Thursday, June 7, 2012

Michigan State House panel OKs new abortion rules


Lansing (Detroit News) — A state House committee Thursday morning advanced a package of bills that would impose new regulations on abortion providers.


House Bills 5711, 5712 and 5713 require abortion clinics to be licensed surgical centers, outline new requirements for disposing of the remains of aborted fetuses and make it crime to coerce a woman into having an abortion.


Rep. Bruce Rendon, R-Lake City, said abortion clinics should be held to the same cleanliness standards as free-standing surgical facilities.


The bills also would prohibit doctors from administering a drug-induced early abortion by speaking with a patient via an Internet camera — a practice abortion opponents claim has popped up in other states.


"This disturbing practice should end," said Rendon, who sponsored House Bill 5711, the main abortion regulation legislation.


During testimony on the bill Thursday morning, Edward Rivet, legislative director of Right to Life of Michigan, referred to the practice as a "webcam abortion."


Rep. Jimmy Womack, a Detroit Democrat and physician, sought to correct Rivet during the hearing.


"There's no such thing as a webcam abortion," said Womack, a former board member of Planned Parenthood's southeast Michigan affiliate. "The webcam can't do the abortion."

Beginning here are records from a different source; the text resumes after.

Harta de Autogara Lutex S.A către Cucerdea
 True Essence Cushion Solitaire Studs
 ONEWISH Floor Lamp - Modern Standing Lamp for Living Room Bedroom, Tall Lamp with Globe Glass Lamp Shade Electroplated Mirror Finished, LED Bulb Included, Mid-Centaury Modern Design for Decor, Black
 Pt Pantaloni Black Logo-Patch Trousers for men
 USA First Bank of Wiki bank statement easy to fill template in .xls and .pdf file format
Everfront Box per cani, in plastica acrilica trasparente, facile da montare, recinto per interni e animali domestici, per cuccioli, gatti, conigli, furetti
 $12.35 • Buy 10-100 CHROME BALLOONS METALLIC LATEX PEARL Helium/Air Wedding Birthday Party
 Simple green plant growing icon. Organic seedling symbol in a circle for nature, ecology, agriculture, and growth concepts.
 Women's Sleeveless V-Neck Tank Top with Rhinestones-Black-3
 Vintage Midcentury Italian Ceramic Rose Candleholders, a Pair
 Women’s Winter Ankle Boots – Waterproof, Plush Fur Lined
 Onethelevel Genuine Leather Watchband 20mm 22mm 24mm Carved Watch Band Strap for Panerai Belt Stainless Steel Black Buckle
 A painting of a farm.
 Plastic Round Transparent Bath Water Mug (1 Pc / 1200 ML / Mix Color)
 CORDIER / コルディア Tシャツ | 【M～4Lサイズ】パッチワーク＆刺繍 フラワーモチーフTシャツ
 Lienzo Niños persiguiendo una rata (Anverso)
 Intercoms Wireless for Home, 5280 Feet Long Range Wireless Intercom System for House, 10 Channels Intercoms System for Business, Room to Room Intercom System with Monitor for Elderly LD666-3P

In written testimony, the head of Planned Parenthood Mid and South Michigan said the bills place "burdensome requirements" on women's health care clinics that only dispense oral abortion medication to upgrade their facilities to handle surgical abortions they do not perform.


"Women rightfully don't turn to politicians for advice about mammograms, prenatal care or cancer treatments," said Lori Lamerand, president and CEO of Planned Parenthood Mid and South Michigan. "Politicians should not be involved in a woman's personal medical decisions about her pregnancy."


The Republican-controlled House Health Policy Committee passed the bills over the objections of physicians who say additional malpractice insurance could force some obstetricians and gynecologists to leave the state.


"It's open season on us," said Dr. Matthew Allswede, a Lansing ob/gyn who testified on behalf of the American Congress of Obstetricians and Gynecologists.


Dr. Timothy Johnson, an ob/gyn at the University of Michigan's Von Voigtlander Women's Hospital in Ann Arbor, said he's opposed to women being coerced into having an abortion, but said the bill's language is too broad and interferes with the confidential nature of doctor-patient relationships.


"Women are much more likely to be coerced by abusive partners to have a pregnancy" than abort the pregnancy, Johnson said.


The bills, which passed on margins of 13-5 and 13-4, head to the full House for debate. It's unclear whether House Republicans will schedule a vote on the bills before next week's planned summer adjournment.

1 comment:

  1. I love the contradiction in conservative logic: In matters of economic policy and economic equality, they are always calling for "smaller/limited government" and "hand off." But when it comes to matter of social policy such as marriage, abortion, end-of-life decisions, etc., they have no problem leveraging the power of government to interfere with the private decisions of individuals.